Stored data:
%%
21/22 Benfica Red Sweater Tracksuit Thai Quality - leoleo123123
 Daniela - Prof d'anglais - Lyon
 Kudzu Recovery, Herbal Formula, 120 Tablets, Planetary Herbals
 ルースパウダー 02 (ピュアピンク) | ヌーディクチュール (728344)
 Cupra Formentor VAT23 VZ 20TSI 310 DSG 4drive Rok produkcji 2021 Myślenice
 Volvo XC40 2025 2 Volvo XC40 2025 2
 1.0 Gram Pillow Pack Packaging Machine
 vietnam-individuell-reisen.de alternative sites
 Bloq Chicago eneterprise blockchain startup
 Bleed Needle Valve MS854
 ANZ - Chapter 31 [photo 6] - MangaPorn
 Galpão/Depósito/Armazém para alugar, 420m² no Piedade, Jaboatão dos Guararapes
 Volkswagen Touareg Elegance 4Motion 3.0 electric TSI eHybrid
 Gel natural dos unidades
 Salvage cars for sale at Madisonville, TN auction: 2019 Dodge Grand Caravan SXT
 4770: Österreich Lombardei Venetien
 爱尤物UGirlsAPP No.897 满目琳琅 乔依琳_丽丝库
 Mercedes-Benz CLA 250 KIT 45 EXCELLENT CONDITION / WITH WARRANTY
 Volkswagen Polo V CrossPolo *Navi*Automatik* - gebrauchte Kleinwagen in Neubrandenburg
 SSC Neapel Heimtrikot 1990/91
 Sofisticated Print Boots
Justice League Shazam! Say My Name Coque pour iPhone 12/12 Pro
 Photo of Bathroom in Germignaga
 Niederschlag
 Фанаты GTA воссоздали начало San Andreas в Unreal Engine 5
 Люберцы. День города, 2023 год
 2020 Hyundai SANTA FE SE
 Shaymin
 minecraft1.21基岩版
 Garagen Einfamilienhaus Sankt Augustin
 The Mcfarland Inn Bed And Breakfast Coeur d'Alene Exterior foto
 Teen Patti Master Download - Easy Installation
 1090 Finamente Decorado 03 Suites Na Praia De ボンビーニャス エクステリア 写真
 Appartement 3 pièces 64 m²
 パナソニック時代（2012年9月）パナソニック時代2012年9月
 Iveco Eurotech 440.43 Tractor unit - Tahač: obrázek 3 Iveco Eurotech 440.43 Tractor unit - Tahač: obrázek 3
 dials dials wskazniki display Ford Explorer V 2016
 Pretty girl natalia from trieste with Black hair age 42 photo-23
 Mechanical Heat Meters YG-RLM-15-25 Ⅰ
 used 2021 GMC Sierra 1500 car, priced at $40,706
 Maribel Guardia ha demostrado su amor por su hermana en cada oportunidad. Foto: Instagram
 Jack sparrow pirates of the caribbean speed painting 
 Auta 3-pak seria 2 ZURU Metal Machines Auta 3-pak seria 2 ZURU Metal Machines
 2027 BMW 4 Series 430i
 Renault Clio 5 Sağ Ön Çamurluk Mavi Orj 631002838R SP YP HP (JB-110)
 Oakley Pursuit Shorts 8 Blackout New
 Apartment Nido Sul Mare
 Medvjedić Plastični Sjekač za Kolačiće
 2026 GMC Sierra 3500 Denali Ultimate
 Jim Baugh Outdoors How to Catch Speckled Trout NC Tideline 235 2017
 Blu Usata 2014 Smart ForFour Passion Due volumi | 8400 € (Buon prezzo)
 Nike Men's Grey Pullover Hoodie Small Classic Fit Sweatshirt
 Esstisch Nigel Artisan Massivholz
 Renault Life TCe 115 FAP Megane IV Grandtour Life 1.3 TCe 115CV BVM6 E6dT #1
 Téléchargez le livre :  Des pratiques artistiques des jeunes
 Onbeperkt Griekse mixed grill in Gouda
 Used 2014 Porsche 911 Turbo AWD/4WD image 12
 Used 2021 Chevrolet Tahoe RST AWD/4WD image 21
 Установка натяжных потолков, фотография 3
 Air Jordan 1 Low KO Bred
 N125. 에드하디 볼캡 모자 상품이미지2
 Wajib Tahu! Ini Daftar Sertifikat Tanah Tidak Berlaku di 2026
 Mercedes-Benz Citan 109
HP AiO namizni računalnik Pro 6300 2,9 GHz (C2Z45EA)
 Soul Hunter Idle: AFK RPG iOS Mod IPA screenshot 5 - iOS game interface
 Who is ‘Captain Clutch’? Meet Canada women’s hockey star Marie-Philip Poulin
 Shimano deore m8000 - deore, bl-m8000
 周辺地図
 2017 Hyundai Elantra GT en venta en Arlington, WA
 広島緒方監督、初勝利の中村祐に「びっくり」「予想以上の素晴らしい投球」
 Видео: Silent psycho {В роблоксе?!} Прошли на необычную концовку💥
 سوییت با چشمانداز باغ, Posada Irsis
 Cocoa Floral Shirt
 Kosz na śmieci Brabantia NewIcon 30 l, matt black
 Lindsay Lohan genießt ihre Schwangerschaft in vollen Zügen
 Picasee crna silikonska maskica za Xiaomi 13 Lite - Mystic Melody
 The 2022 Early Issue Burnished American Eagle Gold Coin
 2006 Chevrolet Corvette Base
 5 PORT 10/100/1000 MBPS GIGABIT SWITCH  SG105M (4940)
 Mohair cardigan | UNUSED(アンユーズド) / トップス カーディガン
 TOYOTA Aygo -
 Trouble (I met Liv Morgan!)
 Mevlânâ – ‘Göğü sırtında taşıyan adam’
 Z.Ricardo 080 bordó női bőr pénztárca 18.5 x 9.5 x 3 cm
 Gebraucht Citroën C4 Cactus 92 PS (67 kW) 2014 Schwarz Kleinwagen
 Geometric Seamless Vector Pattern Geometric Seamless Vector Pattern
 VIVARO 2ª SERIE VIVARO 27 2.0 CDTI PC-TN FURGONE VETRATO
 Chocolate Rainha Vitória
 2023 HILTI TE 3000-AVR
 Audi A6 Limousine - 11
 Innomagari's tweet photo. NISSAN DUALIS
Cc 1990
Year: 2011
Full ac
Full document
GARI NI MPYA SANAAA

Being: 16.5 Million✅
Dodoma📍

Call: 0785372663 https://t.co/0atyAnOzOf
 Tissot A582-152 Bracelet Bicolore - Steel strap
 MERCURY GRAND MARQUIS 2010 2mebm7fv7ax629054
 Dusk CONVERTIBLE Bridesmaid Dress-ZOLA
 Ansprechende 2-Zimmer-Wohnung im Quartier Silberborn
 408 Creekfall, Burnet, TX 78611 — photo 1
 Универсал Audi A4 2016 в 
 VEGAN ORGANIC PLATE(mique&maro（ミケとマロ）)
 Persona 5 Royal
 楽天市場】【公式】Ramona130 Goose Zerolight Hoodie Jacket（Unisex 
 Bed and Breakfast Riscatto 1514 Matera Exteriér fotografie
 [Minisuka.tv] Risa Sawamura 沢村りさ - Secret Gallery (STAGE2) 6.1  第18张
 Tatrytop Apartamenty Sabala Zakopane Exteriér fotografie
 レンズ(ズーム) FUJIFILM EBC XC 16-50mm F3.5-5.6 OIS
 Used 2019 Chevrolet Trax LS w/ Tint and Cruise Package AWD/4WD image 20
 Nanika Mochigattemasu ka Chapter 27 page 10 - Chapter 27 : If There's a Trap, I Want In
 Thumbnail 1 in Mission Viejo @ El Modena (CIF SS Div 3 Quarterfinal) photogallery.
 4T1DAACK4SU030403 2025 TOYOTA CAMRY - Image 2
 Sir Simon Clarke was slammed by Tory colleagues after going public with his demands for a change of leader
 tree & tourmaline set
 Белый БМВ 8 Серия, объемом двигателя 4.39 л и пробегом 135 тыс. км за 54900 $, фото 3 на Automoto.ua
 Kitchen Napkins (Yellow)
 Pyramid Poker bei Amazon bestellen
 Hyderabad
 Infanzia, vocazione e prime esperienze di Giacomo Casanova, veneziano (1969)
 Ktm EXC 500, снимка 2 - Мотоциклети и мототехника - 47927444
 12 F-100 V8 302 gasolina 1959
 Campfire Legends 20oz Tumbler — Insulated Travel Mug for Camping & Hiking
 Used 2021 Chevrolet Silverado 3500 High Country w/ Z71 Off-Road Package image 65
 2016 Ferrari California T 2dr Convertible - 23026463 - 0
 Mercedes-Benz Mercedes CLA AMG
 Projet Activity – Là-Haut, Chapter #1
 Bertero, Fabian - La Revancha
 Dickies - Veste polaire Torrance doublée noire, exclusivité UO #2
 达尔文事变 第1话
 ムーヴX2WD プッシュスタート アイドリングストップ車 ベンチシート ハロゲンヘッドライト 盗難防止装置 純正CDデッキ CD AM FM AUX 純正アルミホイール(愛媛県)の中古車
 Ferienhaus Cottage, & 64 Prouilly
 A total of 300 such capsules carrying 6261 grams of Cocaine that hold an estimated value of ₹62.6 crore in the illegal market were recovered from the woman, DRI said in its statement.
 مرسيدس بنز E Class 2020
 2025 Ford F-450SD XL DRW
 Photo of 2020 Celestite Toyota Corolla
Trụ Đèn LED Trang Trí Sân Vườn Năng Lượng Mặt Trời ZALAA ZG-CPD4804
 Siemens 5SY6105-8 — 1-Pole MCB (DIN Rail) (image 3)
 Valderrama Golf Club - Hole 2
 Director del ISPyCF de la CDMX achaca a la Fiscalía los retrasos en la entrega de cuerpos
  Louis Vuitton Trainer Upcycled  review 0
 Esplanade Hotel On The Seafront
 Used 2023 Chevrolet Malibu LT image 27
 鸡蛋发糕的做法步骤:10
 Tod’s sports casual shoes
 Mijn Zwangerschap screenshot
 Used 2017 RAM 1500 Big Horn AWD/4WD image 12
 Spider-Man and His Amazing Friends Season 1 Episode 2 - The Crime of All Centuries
%%
▸ **DIRECTIONS FOR THIS TASK**:
Which lines above run from the one containing "Call: 0785372663 https://t.co/0atyAnOzOf" to the one containing "Persona 5 Royal"? Give them again exactly, both ends included.

▸ **EXERCISE OUTPUT**:
Call: 0785372663 https://t.co/0atyAnOzOf
 Tissot A582-152 Bracelet Bicolore - Steel strap
 MERCURY GRAND MARQUIS 2010 2mebm7fv7ax629054
 Dusk CONVERTIBLE Bridesmaid Dress-ZOLA
 Ansprechende 2-Zimmer-Wohnung im Quartier Silberborn
 408 Creekfall, Burnet, TX 78611 — photo 1
 Универсал Audi A4 2016 в 
 VEGAN ORGANIC PLATE(mique&maro（ミケとマロ）)
 Persona 5 Royal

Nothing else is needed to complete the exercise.